Anyone Have Recent Experience With BC/BS of IL PPO
I also have BCBS IL PPO and I did the 6 month diet, did everything they told me to do...psyc eval and nutrition eval, letter on neccesity from pcp and so on and I was denied. I don't want you to get discouraged, but BCBS I've heard tries to scare people away. The reason they denied me was they said I did not have 5 years of MORBID obesity. Also, I did not loose enough weight on the 6 month diet...which my plan do not say I have to lose a certain amount, they just say to be on a 6 month supervised diet. Good luck and keep us posted to your porgress!
Kim
Yep! Did you submit your 6 months sup diet and 5 yr history with iyour paperwork? Not to discourage you but I was denied for Lap Band with all documents submitted. My PCP and I re did my documentation and submitted for RNY and was approved with in about 3 days. They like to deny at first to discourage you but you have to be ready to go back at them. Good Luck
My 6 mo diet was with the paper work from weigh****chers and I had my ppc dr write a letter stating I had been trying to only regain after losing the weight, He stated that this had been going on for 10 plus yrs....I was approved on the first request....But I had to get the BMI down ubder 50.....This all started last Nov. Had my surgery in March 2007..... So my process went fast...I do have BC/BS of Iowa though....

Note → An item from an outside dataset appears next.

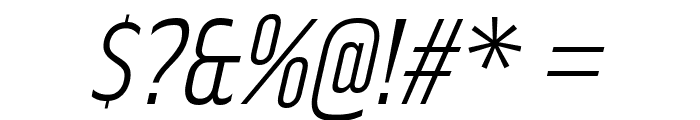 RakeslyLt-Italic Font OTHER CHARS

I was denied on my first try because 'information was incomplete'. Which was complete BS because when I spoke to a CSR at BCBS-IL they saw the pages in the system. I requested a review and was approved without any additional paperwork.
Like others have said, they try to scare people off with a first denial....
Hi Nik!
I have BCBS of IL PPO and it seems to be true that they deny the first request for various reasons.
Just make sure that you submit proof of all of their requirements.
You can get a list of the requirements at:
http://www.bcbsil.com/member/obesity_management/om_medical_p olicy.htm
Make sure that you can go right down this list and check them ALL off, and yes, they DO require that you have a five year history of morbid obesity to qualify for the surgery. This would be proven by your yearly doctor's visits when they weigh you.
You can also find information about Blue Cross's policy on Morbid obestity here:
http://www.bcbsil.com/member/obesity_management/om_centers.h tm
I had all requirements met upon first submission, except for the 6 month diet. They are very strict about that, you must do it as THEY want it done, which was 6 monthly visits with weight. The visits should be approximately 30 days apart and you must also discuss your eating and exercise with the doctor at each visit.